Wednesday, July 30, 2008

What should I use MYISAM or INNODB?

I get this question allot, and my response is "it depends", people rarely like this general response. To pick a storage engine, the user must understand the gains and losses of using the storage engine, basically understand what INNODB and MYISAM do, and how they behave under different load patterns.

When picking a storage engine I go through a checklist-below is a quick list to get an idea of the thought process.

Do you require transactions?
If yes use INNODB else you may still want to use INNODB?


Are you doing a lot of big queries that Scan 20-30% of the rows?

If yes use MYISAM. It's better at doing large queries where the query requires a full table lock. INNODB will lock each row as it scans through it which hurts query throughput.


Are you building an app to store 1 row and access said row really fast and at a high concurrency?

See Tickets explanation of the example of an application that does this. Innodb hits a lock bottle neck when operating on the same row from many different threads, so it may not be advisable to use INNODB.


Are you building an app that stores a lot of blob data?

Now this is a grey area. With INNODB native zlib compression in 5.1+ INNODB may be a good choice over myISAM, while myISAM historically uses less diskpace then its INNODB counter-part.
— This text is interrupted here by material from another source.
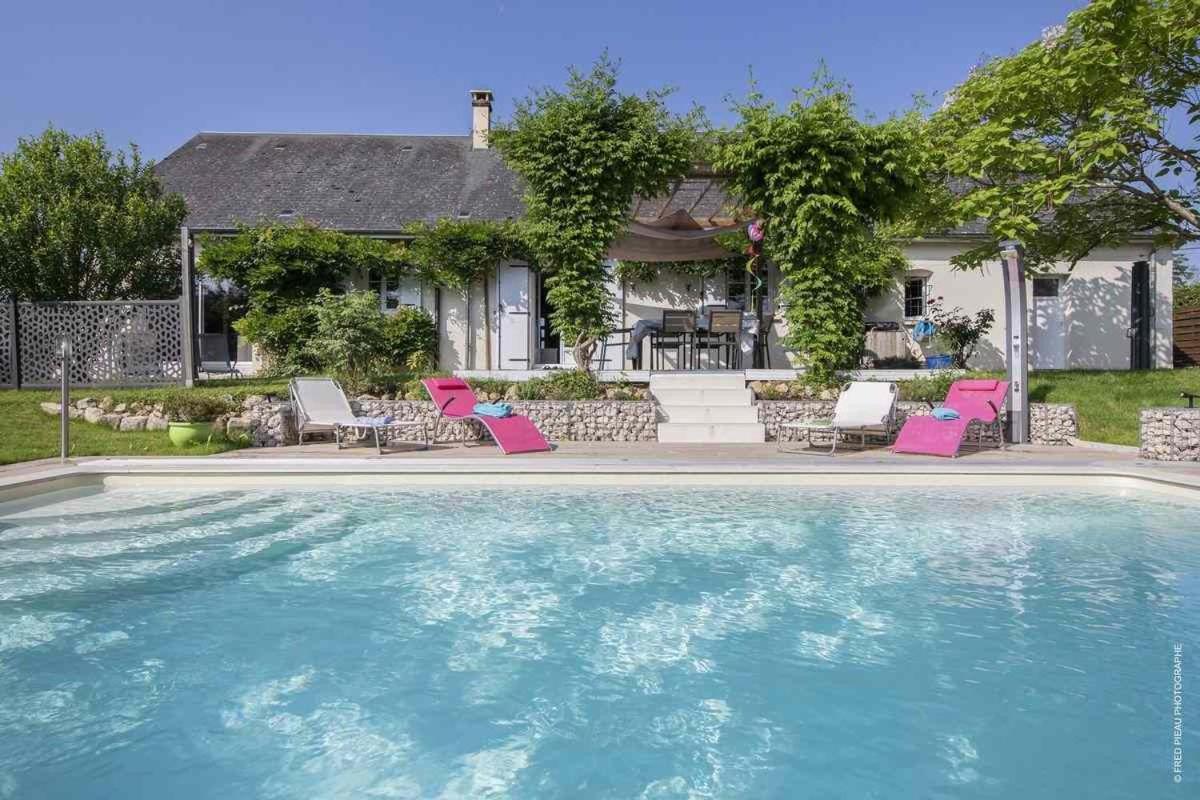 Au Coeur Du Bien Etre, Chambre D'Hotes Avec Piscine Chauffee Et Couverte, Spa, Sauna, Massages 몽토우 외부 사진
So, don't be afraid to create a single INNODB table and 100s of MYISAM tables that hold the blob data for INNODB.

Why do this? Because a single table in MYISAM will likely lock slowing down blob insertion / removal.


Do you require a lot of reads and writes where the ratio is not 90% reads 20% writes but more like 60/40?

Use INNODB over myISAM. If you don't believe me take a look at

show global status like 'table_locks_waited';
+--------------------+-------+
| Variable_name | Value |
+--------------------+-------+
| Table_locks_waited | 82721 |
+--------------------+-------+


These are generic common questions that personally help me find out whats best to use. In reality to pick the correct storage engine, you should experiment and find out whats best for your app. Understand the storage engine-do some testing, then its easy to pick which is best.

2 comments:

WhereIsNow said...

Hi Dathan,
very interesting article.

I want to expose you a solution I'm actually working on.
The application should have a ratio 90% read 10% write and I want to use transactionality.
I will use INNODB for the core and I will extract an "online" subset into MyISAM tables, because read need few information.
What do you think? is it a correct approach?

This allow me also to improve scalability with replication of the MyIsam tables only.

Anonymous said...

Looks like you forgot about crash recovery (very slow in MyISAM especially on large data sets).